Short web captions
# # # # #
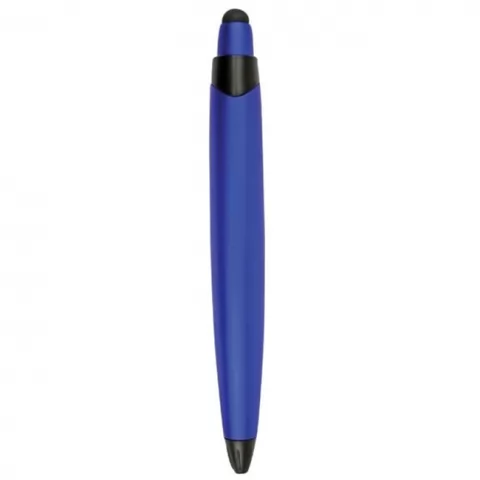BOL 229 Bolígrafo Bavari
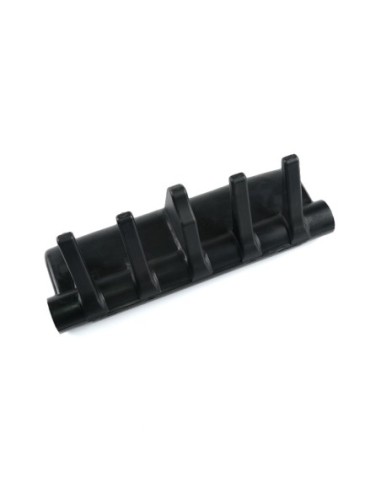 CANGILÓN CADENAS STD SERIE 80XX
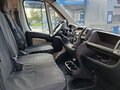 2014 Fiat Professional Ducato, белый, 1520000 рублей - вид 11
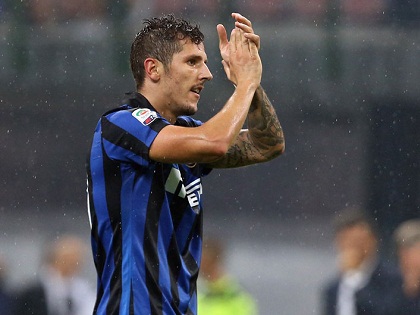 Stevan Jovetic: Giữa niềm vui và ngờ vực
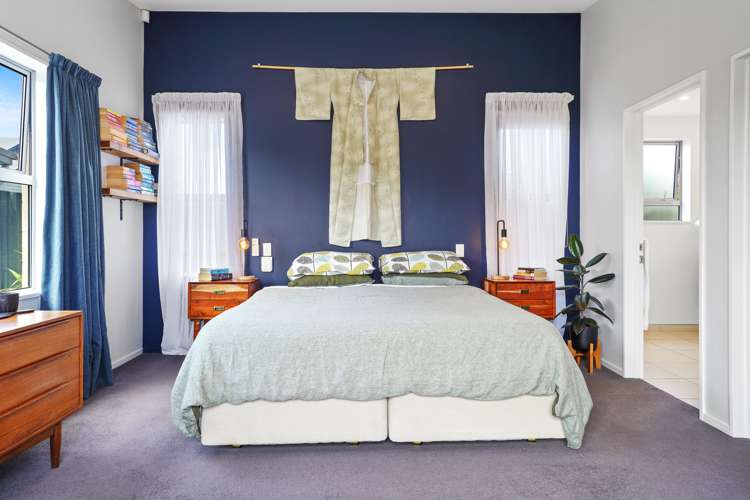 20 Cedar Place Rangiora_12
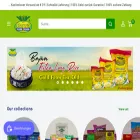 bajwa-shop.com bajwa-shop.com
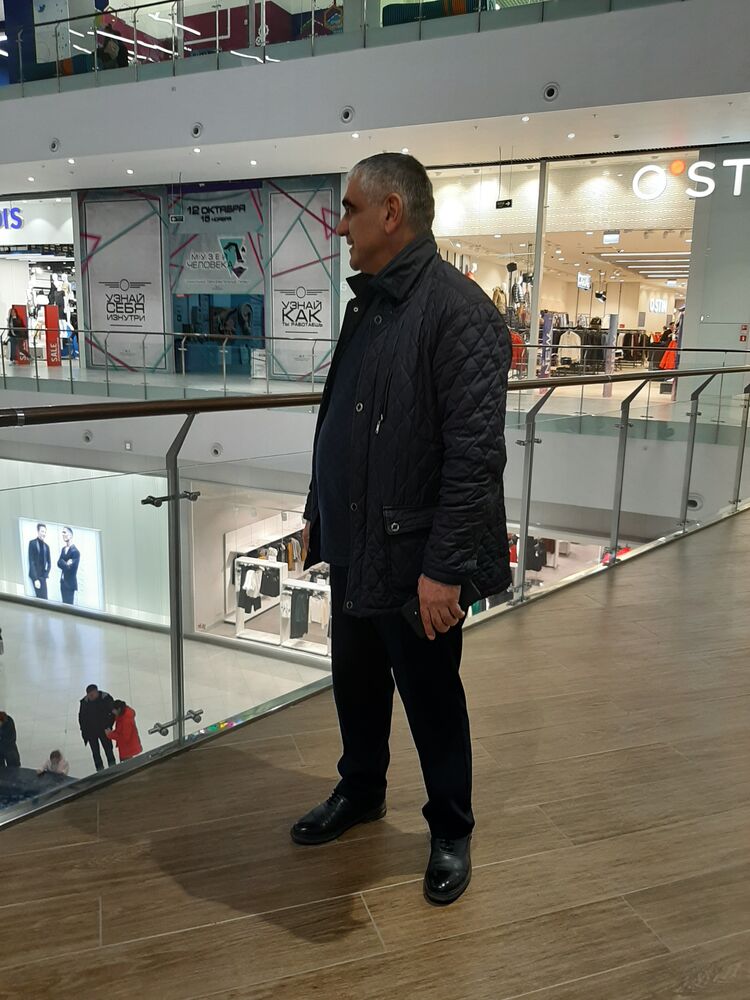 ���� 23107044 ������� Grigoryar, 51 ���, ���� ���������� � ����������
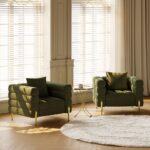 ⁦42,Chair Heritage⁩ - الصورة ⁦10⁩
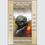 Thumbnail: The Year's Top Ten Tales of Science Fiction 8 ebook (epub)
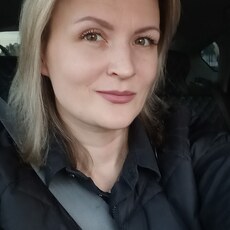 Фотография девушки Анастасия, 41 год из г. Барнаул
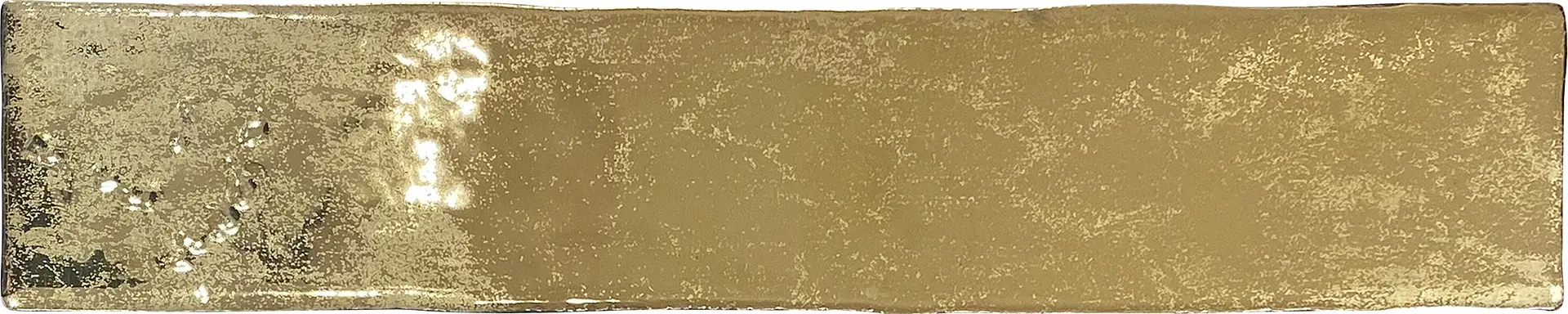 Kaizen Gold Da Vinci Ceramica Kaizen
# # # # #
* _WORK INSTRUCTIONS_:
Leaving out every picture, transcribe exactly the lines from the line that contains "Фотография девушки Анастасия, 41" through the final line of the entries above.

* _FINAL ANSWER_:
 Фотография девушки Анастасия, 41 год из г. Барнаул
 Kaizen Gold Da Vinci Ceramica Kaizen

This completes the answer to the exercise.